8. Evbe: Azap korkusu ve ödül, günahları ve kötü işleri terk etmek ve yine sırf Allah emretti diye ibadetleri ve iyi işleri yapmaya
yönelmektir. “Evbe” kelimesi, lügatte “süratli hareket etmek” ve “geri dönmek” mânasında kullanılır. Bulut ve rüzgâr anlamına da
gelir. Râğıb el-İsfehânî, evbe kelimesinin irade sâhibi canlılar için kullanılabileceğini söyler. Evbe Kur’ân’da çeşitli kullanımları ile
on yedi yerde geçer. Hepsinde de rücû etmek anlamı vardır. Evvâb kelimesi de evbe kökünden türetilmiştir.

Tövbe, günahı bırakıp af talebine sarılmaktır. İnâbe, gönlü Hakk’a çevirmek ve bunu sürdürme azminde olmaktır. Evbe ise hiç bir
şekilde Allah’tan yüz çevirmemek ve âdeta gönlü O’na bağlamaktır.

Bu anlamda, tövbede günaha tekrar düşmeme endişesi varken, inâbede gaflete duçar olmama hassasiyeti, evbede ise bir an bile
Allah’ı hatırdan çıkarmama ve O’ndan başkasına meyletmeme titizliği vardır diyebiliriz.

Evbe, peygamberlerin sıfatıdır.
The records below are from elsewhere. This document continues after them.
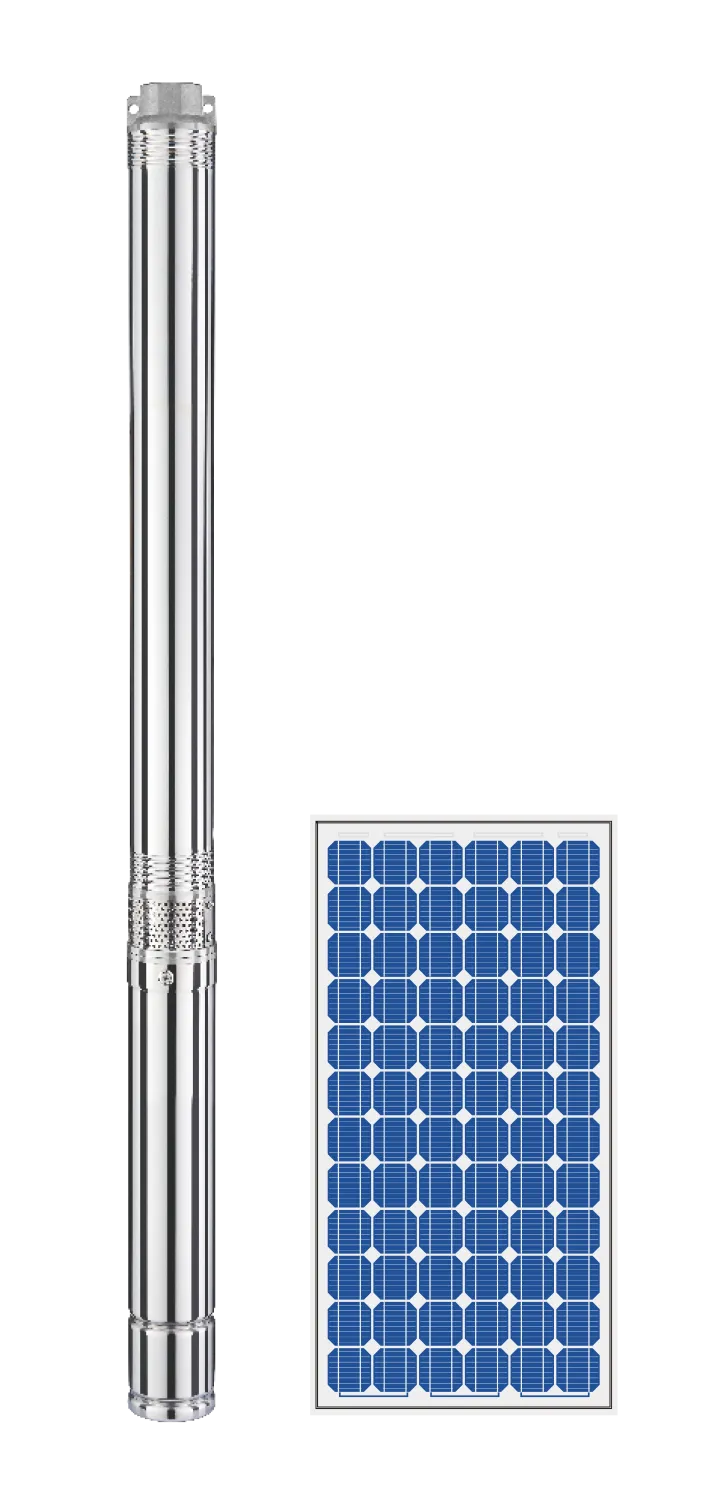 3AMS Series(DC & AC/DC)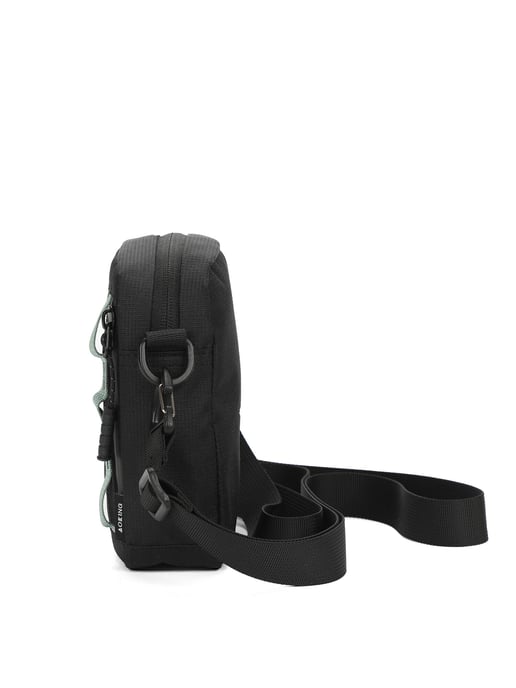 Aoking Umhängetasche Unisex - Image 3
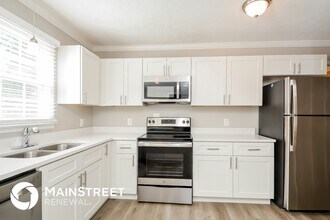 6208 Degrace Dr in Wake Forest, NC - Building Photo - Building Photo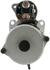 18959N by ROMAINE ELECTRIC - Starter Motor - 24V, 4.0 Kw, 9-Tooth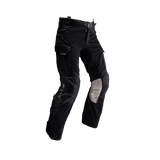 מכנס אדוונצ'ר FlowTour 5.5 Stealth - Leatt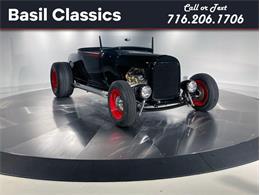 1928 Ford Coupe (CC-1877498) for sale in Depew, New York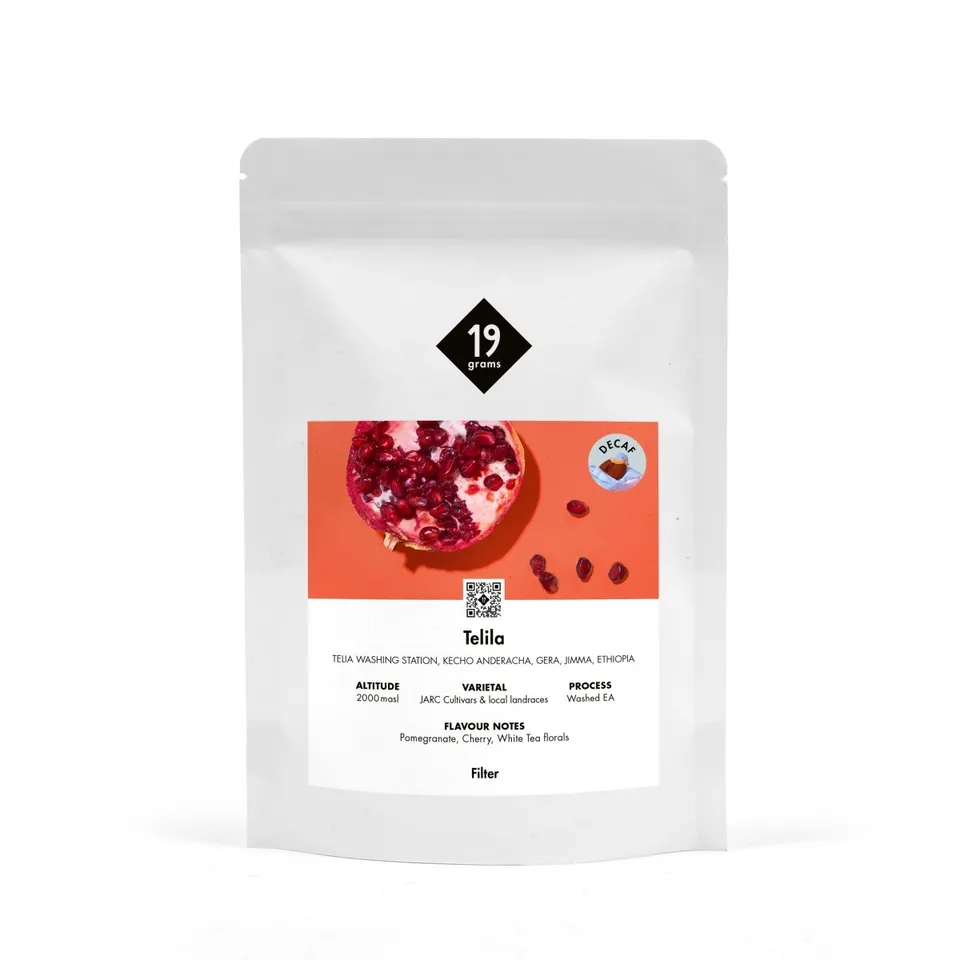 19grams-telila-entkoffeinierter-thiopien-filterkaffee image 1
Allah (c.c.) şöyle buyurur: “O ne güzel kuldu! Gerçekten o tamamen Allah’a yönelmişti.”( Sad, 44.)
Buradan hareketle Ebü’l-Hüseyin en-Nûrî (ö. 295/907) de tövbeyi Allah'tan başka her varlıktan tövbe etmek olarak tanımlar. Her şey
ve her fenalık ve kötülük için tövbe etmek mümkündür. Kötü ahlaklı insanın tövbe etmesi mümkün değildir. Zira, bir günahtan tövbe
ettiği zaman mutlaka ondan daha şerlisini işler. Allah katında kötü ahlâktan ve fena huydan daha büyük bir günahın olmadığı da
ayrıca beyan olunmuştur.

Tövbenin kademeleri tasavvufta üç kısımda belirtilir: Tevbe/dönmek, inâbe/yönelmek ve evbe/gitmek. Ebû Alî ed-Dekkâk (ö.
405/1014)’a göre tövbenin başlangıcı, tövbe/dönmek, rücû etmek, ortası, inâbe ve sonu, evbedir. Cezadan korkarak tevbe eden kişi,
sâhib-i tevbedir. Bir kişi sevap umup, cezadan da korkarak tevbe ederse, o da sâhib-i inâbedir. Fakat, sevap ve cezayı bir yana
bırakarak, sâdece emri yerine getirmiş olmak için tevbe eden kişi ise, sâhib-i evbedir.

Tövbe mü'minlerin sıfatı, inâbe evliyanın sıfatı, evbe ise resul ve nebilerin sıfatıdır. Bu üç kavramı şu şekilde de açıklamak
mümkündür: Tâib günahtan dönmüş, münîb günahlardan arınmış, evvâb ise günahla alâkasını kesmiş kişi demektir.

Hucvîrî (ö. 465/1072)’ye ait şu tanımlamayı ererek tövbe konusunu özetleyebiliriz: Tövbe, kebâir/büyük günahlardan tâata dönüş;
inâbe, seğâir/küçük günahlardan mahabbete dönüş, evbe ise nefsten Allah'a dönüştür.